Toda decisão governamental, correta ou equivocada, acaba por acarretar efeito a longo prazo. Estamos sentindo hoje a repercussão de escolhas feitas semana passada. Mas estão aí também as consequências de decisões antigas. Alguns desastres atuais são resultado de bombas-relógio armadas meio século atrás.

Os anos em que a República foi presidida por Juscelino Kubitschek foram de grandes transformações. Com euforia, os brasileiros vislumbravam um Brasil novo, de progresso e bem-estar. Brasília foi construída em prazo curtíssimo ‒ um assombro. O futuro parecia estar chegando e se apresentava brilhante.

A indústria automobilística se instalou em território nacional. Nas cidades e nas toscas estradas, começaram a rodar dekavês que estalavam feito pipoca, fusquinhas esquisitos com motor atrás, simcas elegantes e cobiçados. E os caminhões fenemê, então! Um dos símbolos fortes da pujança da terra descoberta por Cabral!

Com orgulho, o Brasil se jogou de corpo e alma no transporte rodoviário, deixando pra trás os caminhos de ferro. Que coisa mais antiquada, gente! Trem de ferro, trenzinho do caipira, maria-fumaça ‒ a etiqueta de meio de transporte ultrapassado colou na ferrovia. Ninguém reclamou quando, em poucos anos, a rede ferroviária foi desmantelada. O mato cresceu entre os trilhos e as estações viraram ruína.
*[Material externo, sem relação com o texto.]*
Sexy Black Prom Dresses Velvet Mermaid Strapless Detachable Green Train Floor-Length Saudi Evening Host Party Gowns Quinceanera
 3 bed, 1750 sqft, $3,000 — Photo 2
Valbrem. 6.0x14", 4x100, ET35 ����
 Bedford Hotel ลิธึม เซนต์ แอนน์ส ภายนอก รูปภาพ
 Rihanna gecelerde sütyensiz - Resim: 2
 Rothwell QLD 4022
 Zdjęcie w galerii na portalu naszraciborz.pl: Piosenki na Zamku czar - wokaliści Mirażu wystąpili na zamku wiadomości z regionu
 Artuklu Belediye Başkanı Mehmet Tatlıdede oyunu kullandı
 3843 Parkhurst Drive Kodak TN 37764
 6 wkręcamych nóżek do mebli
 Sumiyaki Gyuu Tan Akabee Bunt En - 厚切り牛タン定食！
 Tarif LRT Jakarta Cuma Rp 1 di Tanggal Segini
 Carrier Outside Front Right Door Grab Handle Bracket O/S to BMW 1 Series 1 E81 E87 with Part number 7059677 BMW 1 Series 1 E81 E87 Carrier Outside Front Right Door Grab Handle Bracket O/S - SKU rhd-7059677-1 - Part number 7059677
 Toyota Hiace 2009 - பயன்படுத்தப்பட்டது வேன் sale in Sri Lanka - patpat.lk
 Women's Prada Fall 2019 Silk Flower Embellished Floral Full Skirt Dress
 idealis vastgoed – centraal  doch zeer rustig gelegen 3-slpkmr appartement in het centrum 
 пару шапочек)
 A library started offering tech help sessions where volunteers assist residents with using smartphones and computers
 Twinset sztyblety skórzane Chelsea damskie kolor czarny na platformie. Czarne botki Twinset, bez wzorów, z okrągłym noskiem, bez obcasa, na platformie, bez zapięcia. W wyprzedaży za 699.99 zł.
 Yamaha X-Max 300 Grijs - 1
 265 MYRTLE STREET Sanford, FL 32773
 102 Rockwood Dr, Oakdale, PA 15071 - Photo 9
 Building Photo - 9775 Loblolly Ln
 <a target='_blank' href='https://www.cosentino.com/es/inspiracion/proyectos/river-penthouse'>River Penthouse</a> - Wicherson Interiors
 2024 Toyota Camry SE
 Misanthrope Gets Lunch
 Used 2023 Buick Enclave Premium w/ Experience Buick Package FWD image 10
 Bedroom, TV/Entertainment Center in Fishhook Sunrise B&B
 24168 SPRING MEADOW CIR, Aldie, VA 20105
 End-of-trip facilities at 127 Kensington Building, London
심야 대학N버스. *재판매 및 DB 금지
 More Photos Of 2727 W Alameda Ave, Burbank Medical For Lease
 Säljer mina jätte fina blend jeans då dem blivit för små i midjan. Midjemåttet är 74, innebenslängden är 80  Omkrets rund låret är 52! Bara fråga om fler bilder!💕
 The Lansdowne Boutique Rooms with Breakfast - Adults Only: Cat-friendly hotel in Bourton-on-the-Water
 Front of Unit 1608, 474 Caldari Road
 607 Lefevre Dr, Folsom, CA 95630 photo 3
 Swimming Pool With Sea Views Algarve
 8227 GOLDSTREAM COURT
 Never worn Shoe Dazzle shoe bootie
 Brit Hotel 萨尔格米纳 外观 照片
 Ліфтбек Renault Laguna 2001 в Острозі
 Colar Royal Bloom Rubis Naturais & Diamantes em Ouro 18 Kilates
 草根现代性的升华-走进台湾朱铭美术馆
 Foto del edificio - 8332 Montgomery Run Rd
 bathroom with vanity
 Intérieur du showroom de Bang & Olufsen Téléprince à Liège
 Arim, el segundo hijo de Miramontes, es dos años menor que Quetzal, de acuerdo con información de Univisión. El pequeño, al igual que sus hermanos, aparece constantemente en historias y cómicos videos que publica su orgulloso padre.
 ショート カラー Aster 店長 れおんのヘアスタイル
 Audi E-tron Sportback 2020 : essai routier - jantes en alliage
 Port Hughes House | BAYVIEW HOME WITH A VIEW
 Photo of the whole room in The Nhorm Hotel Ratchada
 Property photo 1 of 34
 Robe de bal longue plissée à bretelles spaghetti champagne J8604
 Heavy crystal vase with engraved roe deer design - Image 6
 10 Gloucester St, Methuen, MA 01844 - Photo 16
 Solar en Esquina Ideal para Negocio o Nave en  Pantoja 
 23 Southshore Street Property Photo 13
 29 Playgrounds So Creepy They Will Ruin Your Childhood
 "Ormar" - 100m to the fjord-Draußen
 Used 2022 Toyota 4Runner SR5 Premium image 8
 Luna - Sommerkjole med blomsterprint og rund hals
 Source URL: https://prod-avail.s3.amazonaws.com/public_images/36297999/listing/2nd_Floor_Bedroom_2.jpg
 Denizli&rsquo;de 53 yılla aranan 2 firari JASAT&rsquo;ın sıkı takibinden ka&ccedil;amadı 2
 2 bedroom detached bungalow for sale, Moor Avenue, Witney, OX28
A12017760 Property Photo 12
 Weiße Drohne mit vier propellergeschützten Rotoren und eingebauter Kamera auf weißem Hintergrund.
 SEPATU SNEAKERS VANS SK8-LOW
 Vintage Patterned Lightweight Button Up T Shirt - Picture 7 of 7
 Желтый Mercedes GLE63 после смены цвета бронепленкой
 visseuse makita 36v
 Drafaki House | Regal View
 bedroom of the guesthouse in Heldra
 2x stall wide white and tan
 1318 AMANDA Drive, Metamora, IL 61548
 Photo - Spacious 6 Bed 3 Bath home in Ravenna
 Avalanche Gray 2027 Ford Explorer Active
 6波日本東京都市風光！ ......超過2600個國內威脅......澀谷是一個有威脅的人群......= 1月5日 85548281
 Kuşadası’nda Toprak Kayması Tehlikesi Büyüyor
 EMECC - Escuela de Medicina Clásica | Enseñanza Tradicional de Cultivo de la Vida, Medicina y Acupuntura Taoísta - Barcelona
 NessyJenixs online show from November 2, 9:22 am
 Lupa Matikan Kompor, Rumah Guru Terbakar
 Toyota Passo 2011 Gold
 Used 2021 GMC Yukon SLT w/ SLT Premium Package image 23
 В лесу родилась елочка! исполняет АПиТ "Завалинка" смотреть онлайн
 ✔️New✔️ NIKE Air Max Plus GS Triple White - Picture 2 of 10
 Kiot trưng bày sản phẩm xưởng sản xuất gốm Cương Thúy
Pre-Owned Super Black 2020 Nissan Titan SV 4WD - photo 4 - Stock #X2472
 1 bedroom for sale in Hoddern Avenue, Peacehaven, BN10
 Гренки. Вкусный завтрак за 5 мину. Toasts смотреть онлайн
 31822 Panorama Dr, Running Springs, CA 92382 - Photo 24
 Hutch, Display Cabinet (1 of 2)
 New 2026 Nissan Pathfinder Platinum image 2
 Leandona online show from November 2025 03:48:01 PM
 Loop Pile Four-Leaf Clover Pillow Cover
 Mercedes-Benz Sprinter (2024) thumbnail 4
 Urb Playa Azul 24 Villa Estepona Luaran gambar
Essa visão maniqueísta, que opõe rodovia a ferrovia, foi muito nociva. Passados cinquenta anos, o Brasil sofre as consequências de uma decisão desastrada, tomada sob forte pressão do lobby das montadoras. É verdade que ninguém podia prever as crises petroleiras nem os reclamos da ecologia, que estavam por vir. São elementos que entraram em nossa vida sem pedir licença. Que fazer?

No fundo, o trem não era tão antiquado como pareceu aos governantes dos anos 1960. Países mais atinados continuaram a investir no aperfeiçoamento das estradas de ferro. Vieram trens de superior desempenho, com boa velocidade, climatização, vedação sonora. As linhas foram totalmente eletrificadas. Apareceu o trem-bala, que, em percursos de até 500-700km, faz concorrência ao avião.

Chamada Estadão, 28 maio 2018

Com o perdão da expressão, o Brasil perdeu o bonde. Dormiu no ponto. Mas nunca é tarde demais pra consertar. Quem sabe um governo mais alerta dê os incentivos necessários pra retomar a implantação de ferrovias. Embora não venham imediatamente, os resultados serão pra lá de benéficos. Nossos netos não verão um país paralisado por greve de caminhoneiros.